The grand dining hall was cathedral-sized, every corner draped in wealth. Gilded woodwork curled along the walls like creeping vines, carved into runic forms and stylised foliage. Between the inlays, copper aether lines ran like hidden arteries, feeding the room’s automated luxuries.
Crystal and gold chandeliers hovered above on suspended rail tracks, each powered by internal levitation coils and balanced through an enchantment-laced gyroscopic array. They floated, adjusting position with tiny whirrs and chimes. They bathed the tables below in a pale, flickering aether-light that mimicked candlelight with uncanny perfection.
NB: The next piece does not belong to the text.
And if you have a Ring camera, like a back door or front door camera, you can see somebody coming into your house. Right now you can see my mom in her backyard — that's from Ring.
Jack counted at least sixty guests as he entered, over two dozen personal guards lined the walls. No one spared him a second glance. Just another commoner in borrowed clothes. The air here felt perfumed and mechanical; recycled through discreet grilles hidden in the walls, exhaling soft plumes of citrus and something chemical.
A servant, part flesh and part brass, led him to one of the main tables. His right arm had been replaced with a precision-forged limb of etched bronze, its fingers articulate and noiseless. The glow from the embedded aether capsule at the elbow pulsed in time with his step.
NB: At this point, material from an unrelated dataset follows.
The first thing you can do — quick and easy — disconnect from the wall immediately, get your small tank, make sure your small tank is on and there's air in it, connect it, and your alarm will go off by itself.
That must be worth over 200 gold, Jack thought. How much wealth does Tides have to spend so much on a servant? He thought of Cain and how long it would take him to save enough coin to buy a similar prosthetic arm.
The six older nobles were already seated, along with the six younger nobles he had hunted with. Their skin was unblemished and their posture was perfect. The clothes they wore bore filigree made not only of gold-thread, but of tiny embedded runes, humming of wealth and privilege.
“My lords and ladies,” Jack greeted with a bow.
“Sit down, my boy,” Greaves said with a smile that belonged to a gravedigger.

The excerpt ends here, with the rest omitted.